GC-MS not only takes specialized equipment, it also requires a lot of expertise & training to perform at this level – so we work with the University of Washington for our GC-MS testing (which has the added benefit of being an independent, unbiased institution).
Ammonia & Hydrogen Sulfide Meters
Two of the compounds that produce a lot of world’s bad odors from organic sources are ammonia and hydrogen sulfide. Both compounds can be measured with handheld meters that output a simple numerical value. This is the way we do a lot of our quantitative testing here at the OxiScience lab – they give us data points that are easy to chart for long term analysis.
When we take photos for you to see on the internet or in pamphlets, or when we’re doing a demonstration at a trade show, we need something that’s easy for a non-scientist to understand at a glance.

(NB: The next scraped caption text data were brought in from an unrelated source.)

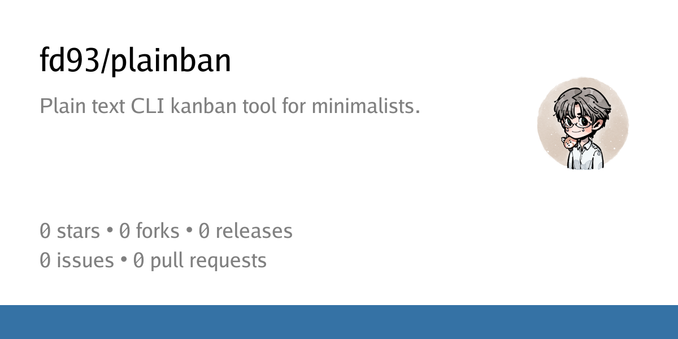 Summary card of repository fd93/plainban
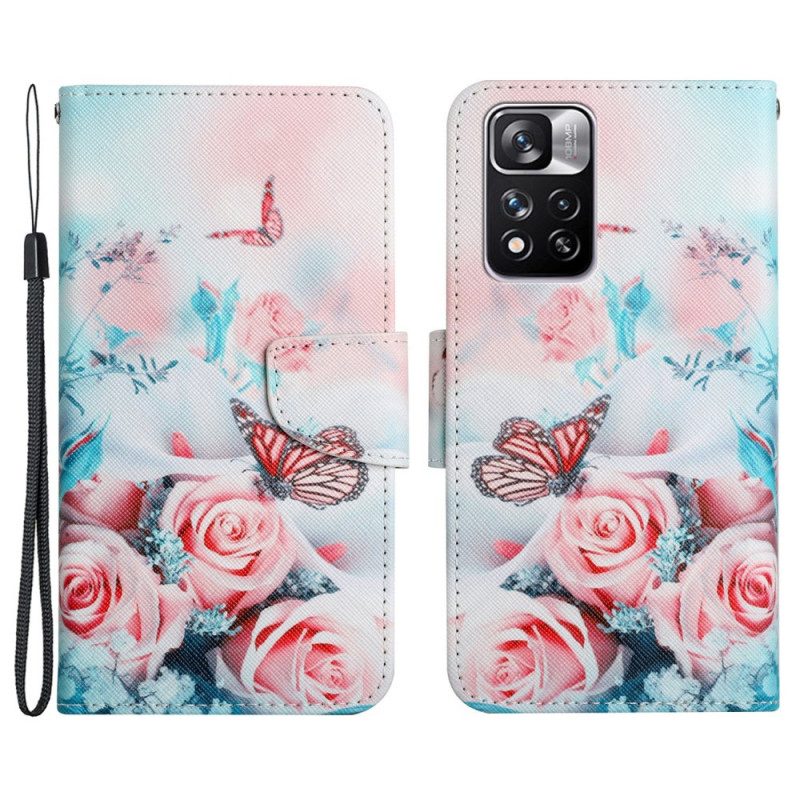 Custodia in pelle Xiaomi Redmi Note 11 Pro Plus 5G Bouquet Di Fiori E Farfalle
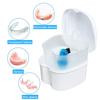 Denture Soaking Box Orthodontic Retainer Bath Case with Strainer Basket, False Teeth Container Dental Denture Bath Box Case Cup for Travel Cleaning - White view 2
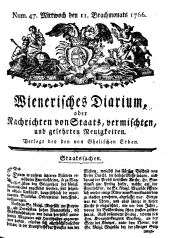 Wiener Zeitung 17660611 Seite: 1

For that we use a color indicator that bonds with organic thiol compounds and then turns yellow. Destroy the odor compounds and indicator doesn’t have anything to react with and the yellow color goes away, making it easy to see (even if it’s a photo and you can’t smell) what’s happened.
Panel of Noses
Yes, of course we have noses, and we use them! We’ve determined that two of our lab staff members have particularly sensitive senses of smell, so we often turn to them for quick gut-check responses. Of course, we can’t rely on that for full scientific results. When we want to actually submit our products to a smell test, we follow a couple of rules:
- The panel must contain at least 10 participants (ideally 20).
- All samples must be blind tested (participants don’t know what sample they’re smelling).
- No more than three samples can be submitted to a panel session – this helps avoid nose fatigue and participants conflating their experiences between samples.
- If the results don’t surpass the standard deviation on their chart, the panel’s results are inconclusive.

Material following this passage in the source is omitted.